Hukum

DPR Desak ‘Restorative Justice’ untuk Ibu yang Ditahan Saat Demo Pabrik Sawit di Sumut

Tina Rambe, bersama dua rekannya, ditangkap pada Mei 2023 saat memprotes pengoperasian pabrik sawit PT Pulo Padang Sawit Permai (PPSP) di Labuhanbatu, Sumatra Utara (Sumut).

By Deri Dahuri  | Sokoguru.Id
10 September 2024
Wakil Ketua Komisi III DPR RI Pangeran Khairul Saleh dalam rapat di Jakarta, Senin (9/9). (Its/DPR RI)

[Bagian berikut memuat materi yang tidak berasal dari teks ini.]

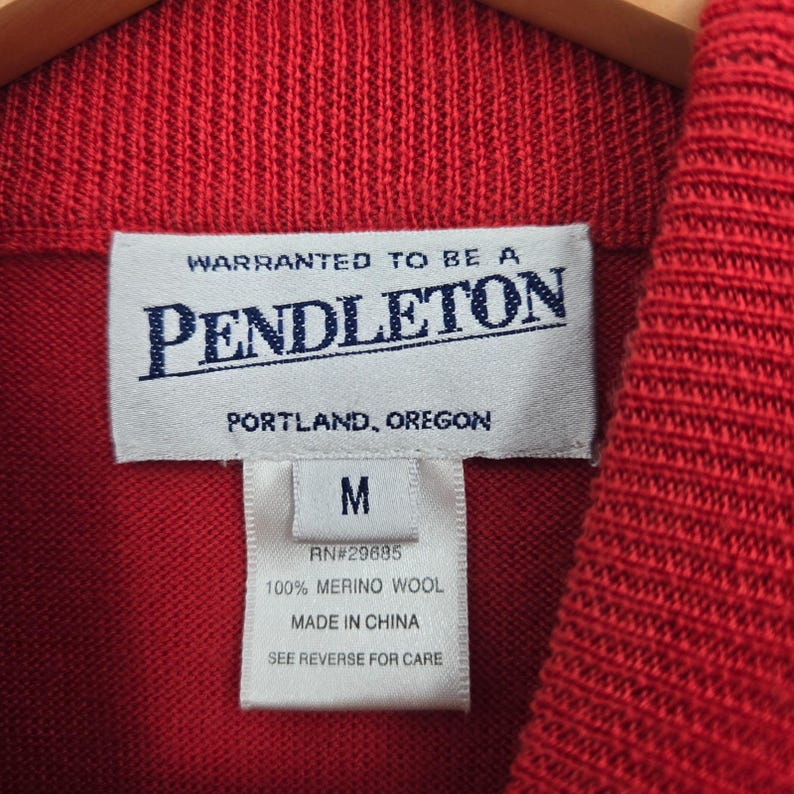 Vtg 90er Jahre Rot Pendleton 100% Merino Wolle Kurzarm Crop Top Pullover Damen M Bild 3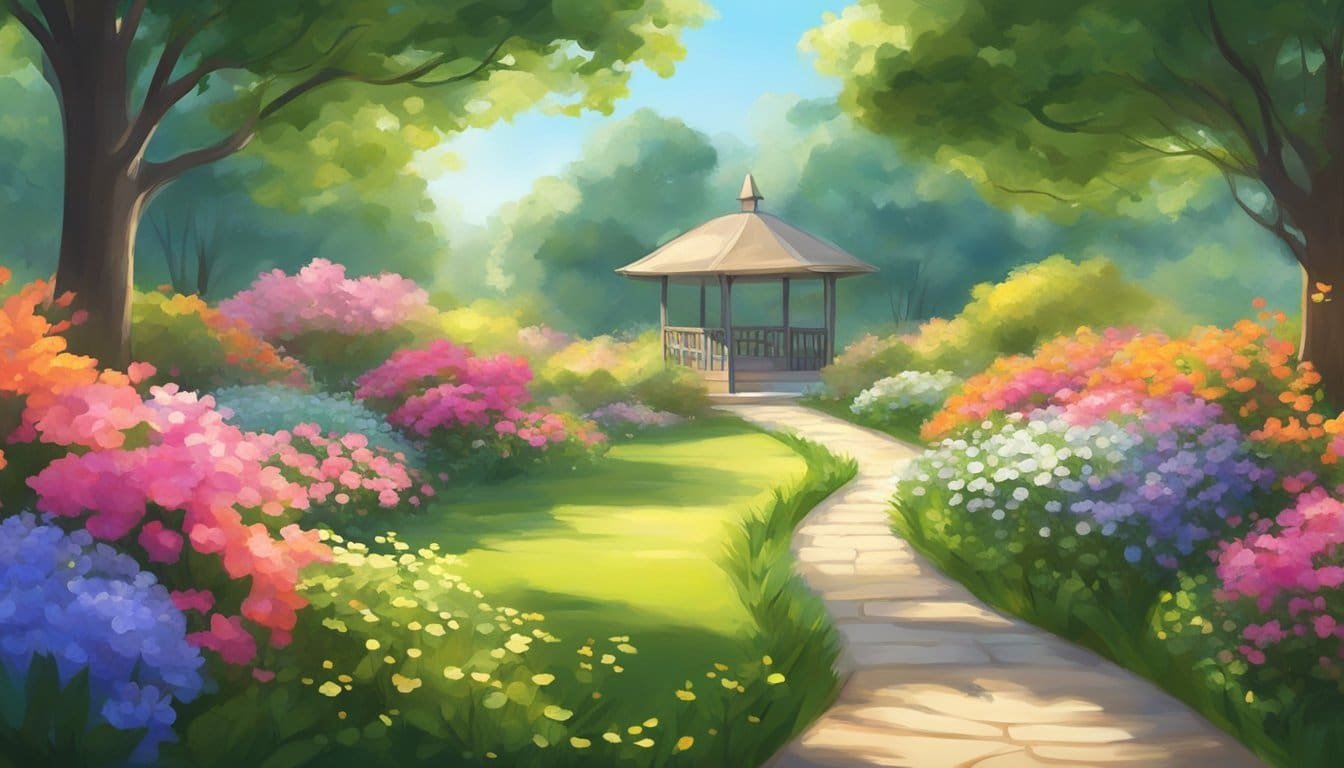 A serene garden with vibrant flowers and a gentle breeze, sunlight filtering through the trees. A peaceful atmosphere with a sense of tranquility and joy in the simple beauty of nature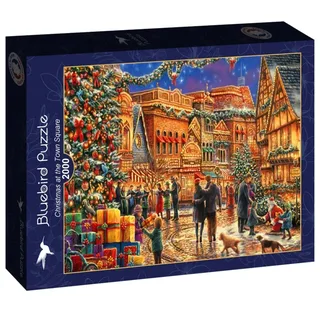 kerstpuzzel Christmas at the Town Square - 2000 stukjes. från Bluebird Puzzle, utgåva Flerfärgad – kartong 2 av 2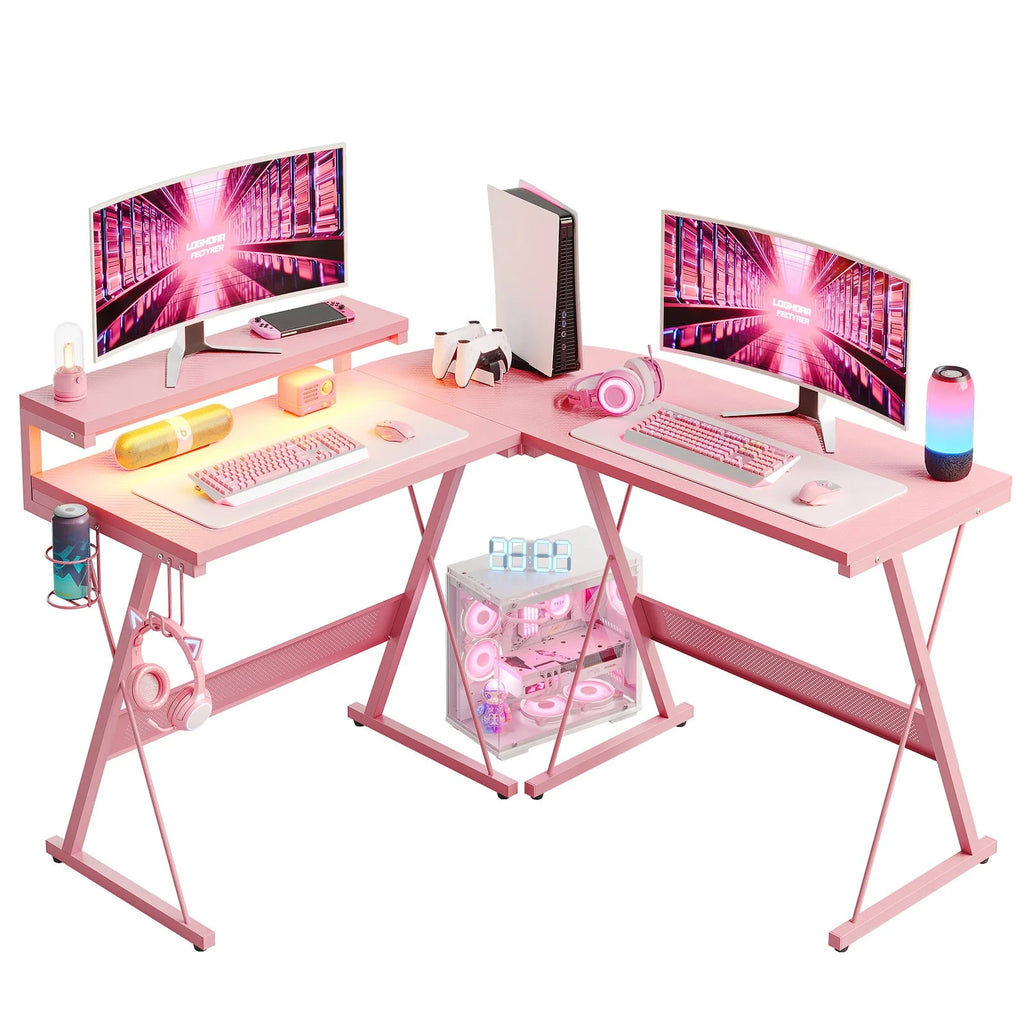 Bestier Pink Computer Desk with LED Light L-Shaped Desk Gaming Computer Desk with Monitor Stand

SEORANG ibu dari Sumatera Utara, Tina Rambe, menjadi pusat perhatian publik setelah ditangkap karena aksi protesnya menentang Pabrik Kelapa Sawit (PKS) yang dinilai merugikan masyarakat sekitar. 

 

Wakil Ketua Komisi III DPR RI, Pangeran Khairul Saleh, menyerukan penggunaan pendekatan restorative justice dalam kasus ini, guna memastikan keadilan bagi masyarakat yang terdampak.

 

Tina Rambe, bersama dua rekannya, ditangkap pada Mei 2023 saat memprotes pengoperasian pabrik sawit PT Pulo Padang Sawit Permai (PPSP) di Labuhanbatu, Sumatra Utara (Sumut).

 

Baca juga: Para Demonstran Pembela Demokrasi yang Ditahan Kepolisian Minta Segera Dibebaskan

 

Mereka menolak keberadaan pabrik yang dituduh mencemari lingkungan dengan polusi udara, bau, dan kebisingan yang mengganggu kenyamanan warga, terutama anak-anak di sekolah yang berdekatan dengan lokasi pabrik. 

 

Meski dua rekannya sudah dibebaskan dengan penangguhan, Tina masih mendekam di tahanan.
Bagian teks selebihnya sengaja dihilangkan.